Ringgold County's Oral Legend & Memories Project

SEPTEMBER ROAD TRIP

Part IV

Friday, September 11, 2009.

 

The depot at Humeston, Wayne County, Iowa, is an "L" shaped building. The top photograph is the view one would have if coming into Humeston on the train from the east. The tracks would have been between the depot and the water tower in the distance on the right.

Alva Humeston, Sr. (1815-1889) came from Ohio to Wayne County in 1864, settling on a 640-acre farm near what later became the town of Humeston. The first railroad through town was the Humeston & Shenandoah, later part of the Chicago, Burlington & Quincy (CB&Q) Railroad. A railroad official from Chariton, S. W. Mallory, named the town after Alva Humeston, the man from whom the railroad purchased 80 acres of his farm.

Alva Humeston, Sr. built the first building in town and operated a general store, was the first postmaster, a position he held for 24 years, was the mayor for a few terms, and was a school board member. Alva's obituary stated that he was "a man of great moral power and Christian worth, and has left an influence behind him for good that will be felt for many years." He was interred at the Humeston Cemetery.

The depot was built in 1872, located with the wooden water tower in the northern part of town. The area is part of the Humeston RV park which also features an Army tank.

The tracks ran from Cambria to Humeston, then on to LeRoy. Most of the CB&Q Railroad was abandoned in the 1930's, ending an era in southern Iowa's history.

From Humeston, we headed north to Osceola.

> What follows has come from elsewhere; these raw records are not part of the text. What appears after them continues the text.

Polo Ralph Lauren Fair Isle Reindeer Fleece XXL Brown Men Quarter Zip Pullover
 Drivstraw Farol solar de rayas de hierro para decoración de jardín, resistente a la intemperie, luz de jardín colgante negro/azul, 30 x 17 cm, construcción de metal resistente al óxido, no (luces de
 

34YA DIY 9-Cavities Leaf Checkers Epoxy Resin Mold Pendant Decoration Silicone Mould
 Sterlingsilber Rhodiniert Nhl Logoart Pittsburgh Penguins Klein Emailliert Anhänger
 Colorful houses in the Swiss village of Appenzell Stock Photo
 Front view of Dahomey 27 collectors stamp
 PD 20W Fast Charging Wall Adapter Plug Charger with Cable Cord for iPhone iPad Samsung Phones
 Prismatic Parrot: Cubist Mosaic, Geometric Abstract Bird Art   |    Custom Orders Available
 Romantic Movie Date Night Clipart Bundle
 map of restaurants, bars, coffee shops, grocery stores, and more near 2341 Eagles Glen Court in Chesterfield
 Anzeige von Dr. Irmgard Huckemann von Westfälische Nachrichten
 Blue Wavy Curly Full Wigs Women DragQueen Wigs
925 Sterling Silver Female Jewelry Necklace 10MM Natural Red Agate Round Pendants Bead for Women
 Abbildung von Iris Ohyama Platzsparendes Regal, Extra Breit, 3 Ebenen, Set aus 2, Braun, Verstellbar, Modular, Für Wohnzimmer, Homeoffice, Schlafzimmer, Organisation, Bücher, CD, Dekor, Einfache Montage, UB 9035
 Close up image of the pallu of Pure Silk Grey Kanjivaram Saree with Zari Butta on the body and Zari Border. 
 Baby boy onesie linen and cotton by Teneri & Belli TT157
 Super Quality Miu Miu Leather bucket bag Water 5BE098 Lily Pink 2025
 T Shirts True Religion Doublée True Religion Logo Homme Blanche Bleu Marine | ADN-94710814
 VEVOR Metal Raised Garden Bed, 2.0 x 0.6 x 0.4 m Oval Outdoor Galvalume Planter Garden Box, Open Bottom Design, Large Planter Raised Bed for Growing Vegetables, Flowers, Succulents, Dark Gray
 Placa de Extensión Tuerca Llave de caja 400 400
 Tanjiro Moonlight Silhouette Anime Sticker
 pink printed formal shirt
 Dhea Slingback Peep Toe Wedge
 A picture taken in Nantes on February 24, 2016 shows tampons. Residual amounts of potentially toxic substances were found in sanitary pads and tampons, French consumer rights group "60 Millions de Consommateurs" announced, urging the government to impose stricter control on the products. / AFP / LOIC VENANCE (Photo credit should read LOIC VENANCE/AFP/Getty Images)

I have traveled and driven up and down Highway 69 between Osceola and Leon for years and years. Just south of Osceola, on the west side of the highway, stands what used to be a diner with an eating area? on the roof. To my recollection, this diner has never been open for buisness. It has slowly been decaying away all the time I've ever seen it.

If anyone knows the history behind this building, please contact me. Thank you.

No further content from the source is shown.